In the listing below, find the line containing "Fossil Women's Leather Wristlet" and the line containing "First Steps After Installation", then copy exactly everything from the first through the second, except the pictures.
DATA SECTION section start
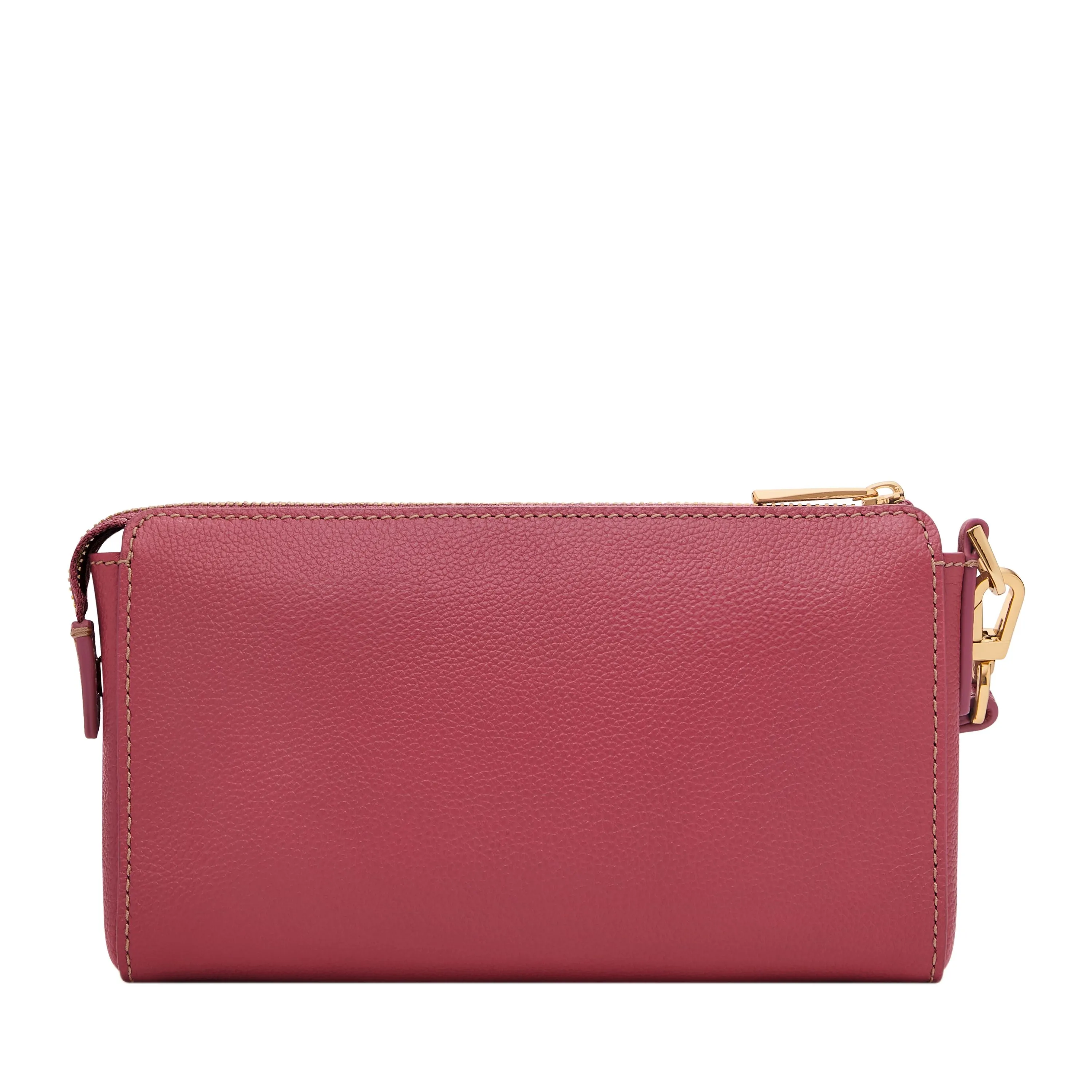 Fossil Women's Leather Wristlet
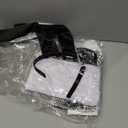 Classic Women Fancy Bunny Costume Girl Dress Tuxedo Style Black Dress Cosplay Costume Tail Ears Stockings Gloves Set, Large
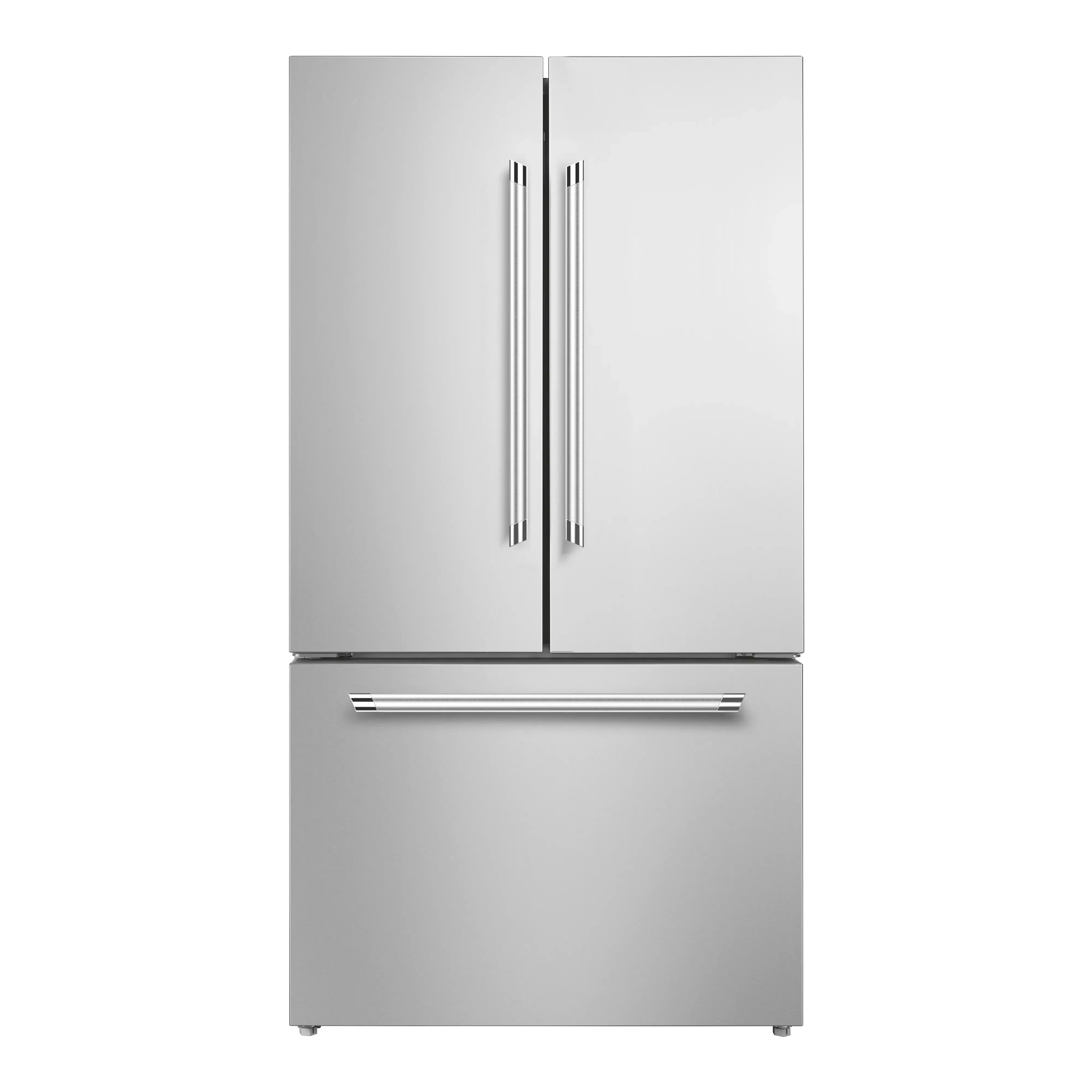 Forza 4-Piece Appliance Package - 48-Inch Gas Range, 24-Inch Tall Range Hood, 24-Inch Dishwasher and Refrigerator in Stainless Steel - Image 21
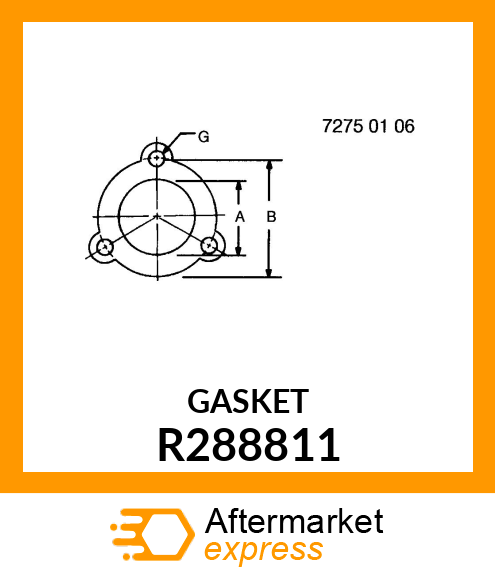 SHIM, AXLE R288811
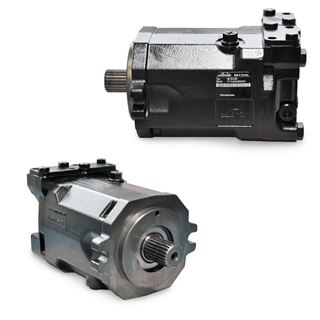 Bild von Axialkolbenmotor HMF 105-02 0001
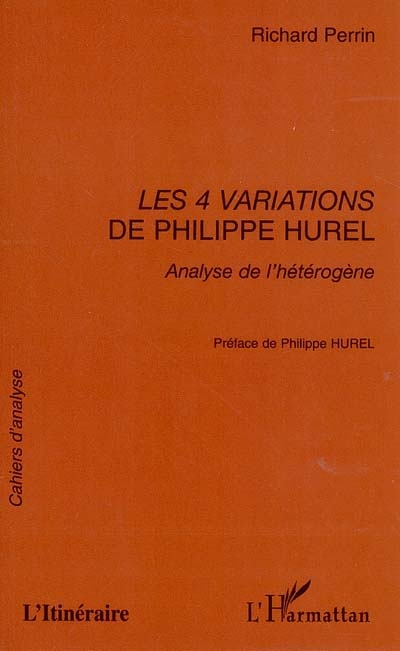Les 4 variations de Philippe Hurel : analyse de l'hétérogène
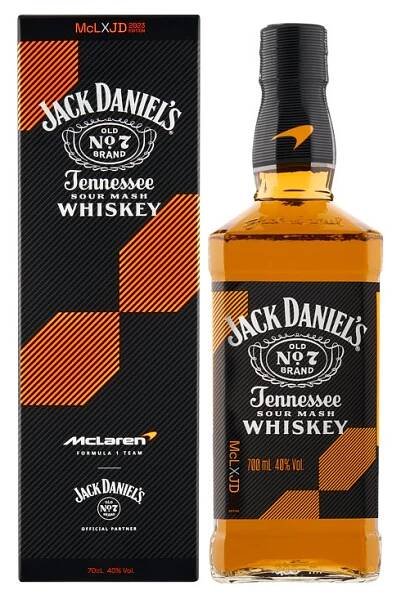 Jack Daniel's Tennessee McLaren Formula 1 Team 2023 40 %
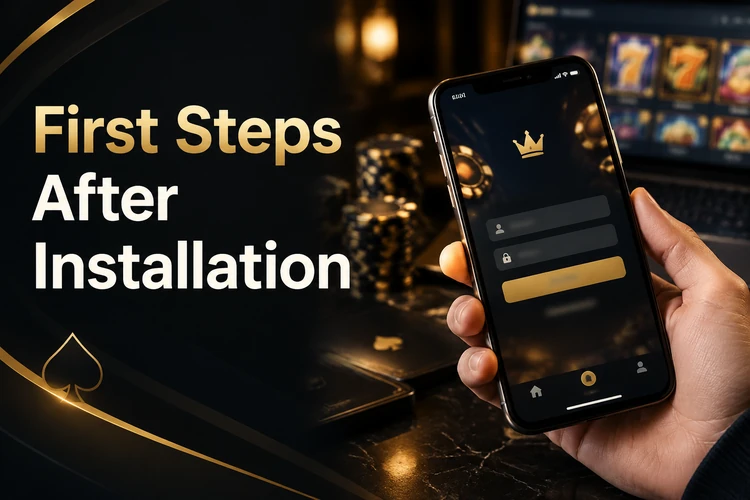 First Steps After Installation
DATA SECTION section end
DATA SECTION section start
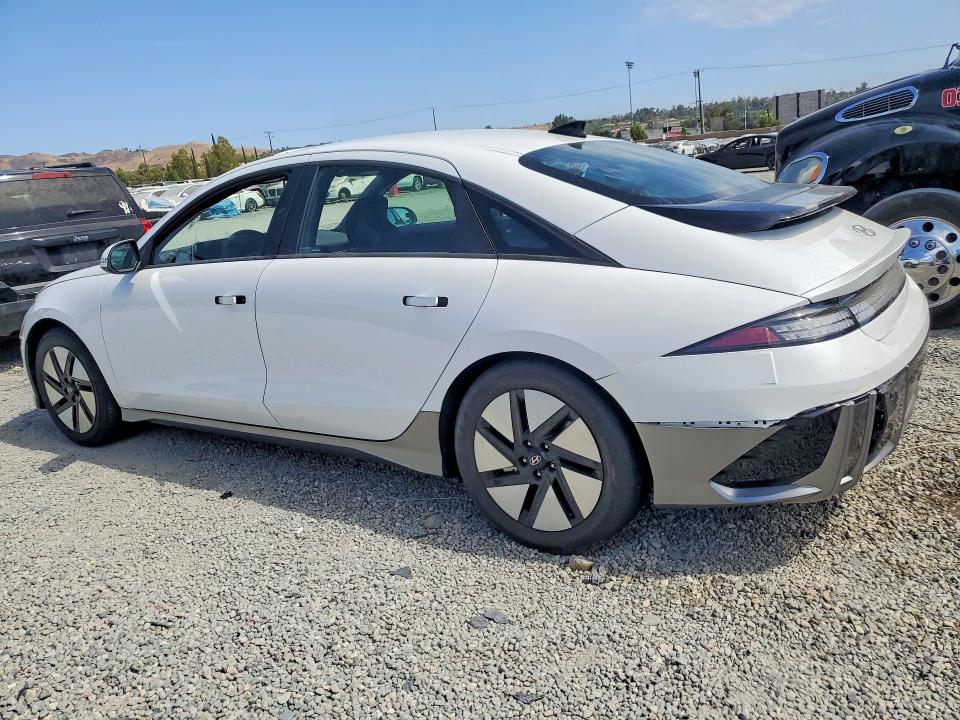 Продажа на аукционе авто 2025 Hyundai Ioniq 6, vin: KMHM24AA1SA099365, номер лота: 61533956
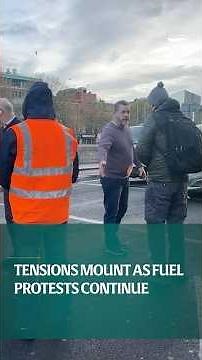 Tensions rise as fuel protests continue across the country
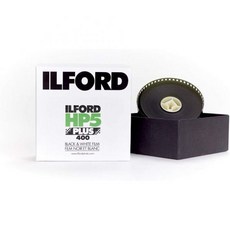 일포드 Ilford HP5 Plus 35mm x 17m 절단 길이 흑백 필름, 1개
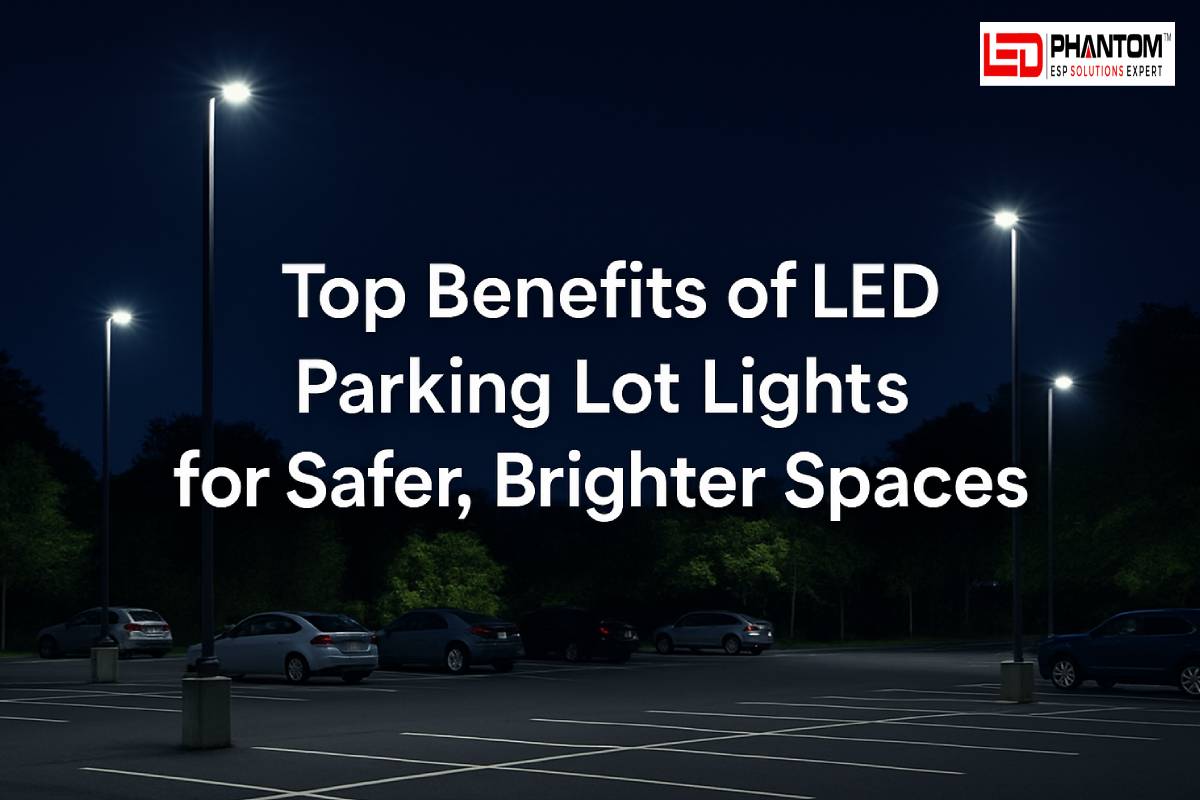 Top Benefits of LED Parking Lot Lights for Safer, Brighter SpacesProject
DATA SECTION section end
[EXERCISE OUTPUT]
 Fossil Women's Leather Wristlet
 Classic Women Fancy Bunny Costume Girl Dress Tuxedo Style Black Dress Cosplay Costume Tail Ears Stockings Gloves Set, Large
 Forza 4-Piece Appliance Package - 48-Inch Gas Range, 24-Inch Tall Range Hood, 24-Inch Dishwasher and Refrigerator in Stainless Steel - Image 21
 SHIM, AXLE R288811
 Bild von Axialkolbenmotor HMF 105-02 0001
Les 4 variations de Philippe Hurel : analyse de l'hétérogène
 Jack Daniel's Tennessee McLaren Formula 1 Team 2023 40 %
 First Steps After Installation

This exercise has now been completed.